Prof. Jacek Jemielity_fot.Magdalena Wiśniewska-Krasińska_Archiwum FNP_s

Professor Jacek Jemielity from the Centre of New Technologies at the University of Warsaw received the 2021 FNP Prize in chemistry and materials sciences for developing chemical modifications of mRNA as tools for therapeutic applications and studies on cellular processes.

Jacek Jemielity was born in 1973 in Wysokie Mazowieckie. He graduated from the Faculty of Chemistry at the University of Warsaw in 1997. He received a Ph.D. degree in 2002 and his habilitation in 2012, both at the same Faculty. He worked at the Department of Biophysics of the Institute of Experimental Physics of the Faculty of Physics at the University of Warsaw. He also gathered research experience at the Institute of Structural Biology in France and the University of Turku in Finland, among other places. He received a full professorship in 2020.

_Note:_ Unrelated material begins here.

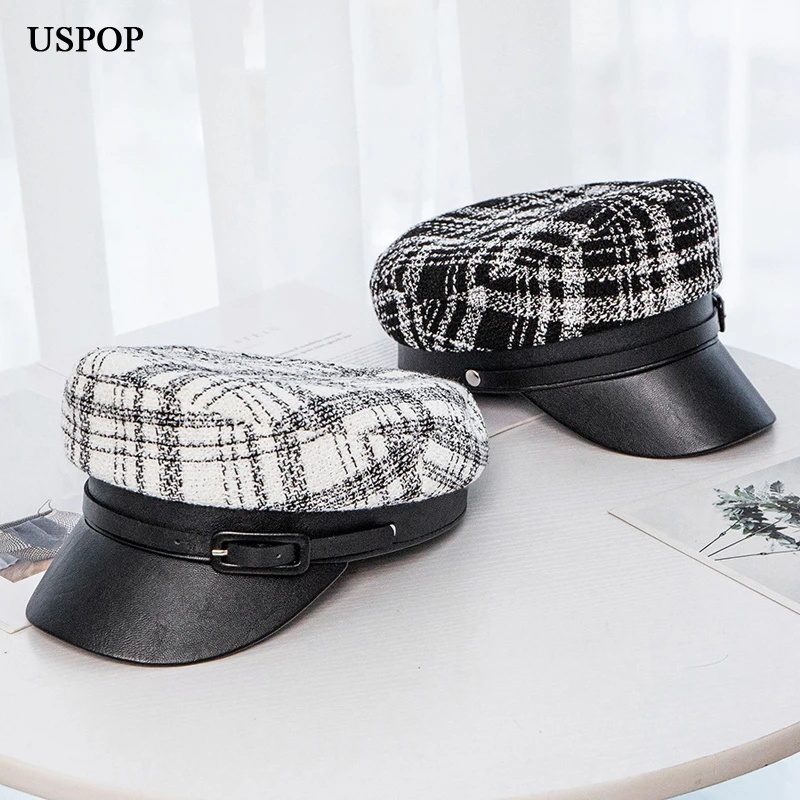 USPOP 2019 Женская кепка газетчика в стиле пэчворк клетчатая полиуретановая Кепка с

Professor Jemielity specializes in organic and biological chemistry and the biochemistry of nucleotides and nucleic acids. He is the head of the Laboratory of Bioorganic Chemistry at the Centre of New Technologies at the University of Warsaw, in which he leads the research group Jemielity Group. Moreover, he co-founded and heads ExploRNA Therapeutics, a spin-off company of the University of Warsaw, in which the technology of chemically modified mRNA is developed and then used in the design of novel therapies.

Jemielity implemented grants from the National Science Centre and the Foundation for Polish Science (TEAM), among other programs. He co-authored 130 publications for top journals, including Journal of the American Chemical Society, Nature Communications, Chemical Science, and Nucleic Acids Research. These articles were cited more than 2400 times. He is the inventor of solutions protected worldwide by nine patents or patent applications; two of them were bought by BioNTech, four by ExploRNA Therapeutics.

For his achievements, Jemielity received many awards, including the Polityka Science Award for young scientists, the Economic Award of the President of the Republic of Poland, several Awards of the Rector of the University of Warsaw, and he was nominated for the European Inventor Award granted by the European Patent Office.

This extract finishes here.